A producer PeerCacheStore (prefill) publishes pages and a consumer (decode) reads them back across the fabric — the exact path SGLang drives (directory lookup + RDMA READ into the registered host buffer). Page layout is faithful to SGLang: --layout mla (1 object/page) or --layout mha (k+v).

Modes¶

subcommand	what it answers
`latency`	single in-flight op tail (concurrency 1, batch 1) — per-page latency
`throughput`	sustained throughput + tail at one fixed thread model
`saturation`	throughput/latency curve across a concurrency sweep + the PEAK
`suite`	the full baseline: latency + get/set/exists saturation

Metrics¶

metric	meaning
page	one logical KV page (1 object MLA, k+v MHA)
pages/s · tokens/s	pages per second; `tokens/s = pages/s × tokens_per_page`
GB/s	payload bytes/s (10⁹) of components actually moved
p50…p999 / max	per batch call latency (use `latency` mode for per-page)
hit%	fraction of requested pages found (read path)
PEAK	concurrency row with the highest sustained throughput

Install & run on RDMA hardware¶

pip install peercache            # RDMA build (needs libibverbs/librdmacm)
# pip install "peercache[bench]" # also installs mooncake-transfer-engine

peercache-bench suite \
    --device-name mlx5_0 --layout mla \
    --page-size 131072 --tokens-per-page 64 \
    --batch-size 32 --concurrencies 1,2,4,8,16,32,64 \
    --duration 10 --warmup 2 --tag rdma

Writes ./peercache-bench-results/hicache-suite-rdma-<ts>.{json,md} in your current directory. Sub-modes:

peercache-bench latency     --device-name mlx5_0 ...
peercache-bench throughput  --op get --concurrency 16 --device-name mlx5_0 ...
peercache-bench saturation  --op set --concurrencies 1,4,16,64 --device-name mlx5_0 ...
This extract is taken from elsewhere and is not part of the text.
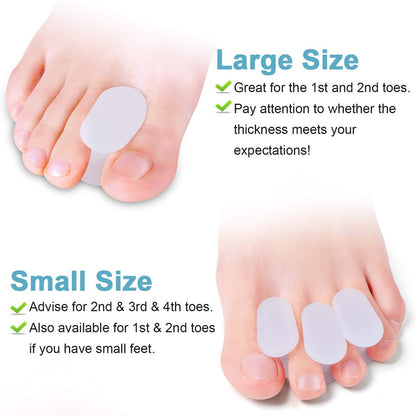 Povihome 10er-Pack Zehenspreizer, Zehentrenner, Ballenkorrektur-Gel-Orthesen (1,27 cm dick) für Ballenzehen, überlappende Zehen – Größe L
For a real two-host result (instead of single-host NIC loopback), run a producer PeerCacheStore on one node and a consumer on another pointed at the same discovery_addr; see the bench README.

Baseline results template¶

Fill this in from your RDMA run's peercache-bench-results/*.md (numbers are intentionally blank — they must come from your hardware, not a sandbox):

op	layout	page	batch	threads
get (latency)	mla	128 KB	1	1
get (peak)	mla	128 KB	32	N
set (peak)	mla	128 KB	32	N
exists (peak)	mla	128 KB	32	N

Always publish the JSON artifact's host and meta blocks (device, layout, page size, batch, concurrency) next to any figure.

Optional: compare against Mooncake¶

peercache-bench compare --protocol rdma --device-name mlx5_0 \
    --block-sizes 4k,16k,64k,256k,1m --duration 10 --tag rdma

Runs PeerCache's data-plane microbench alongside Mooncake's official transfer_engine_bench under matched block sizes.

Caveats¶

TCP ≠ RDMA, and TCP is not a scenario — use it only to verify the code runs.
Loopback ≠ network: single-host RDMA uses NIC loopback; run cross-node for fabric behaviour.
Latency is per batch call unless you use latency mode (batch 1).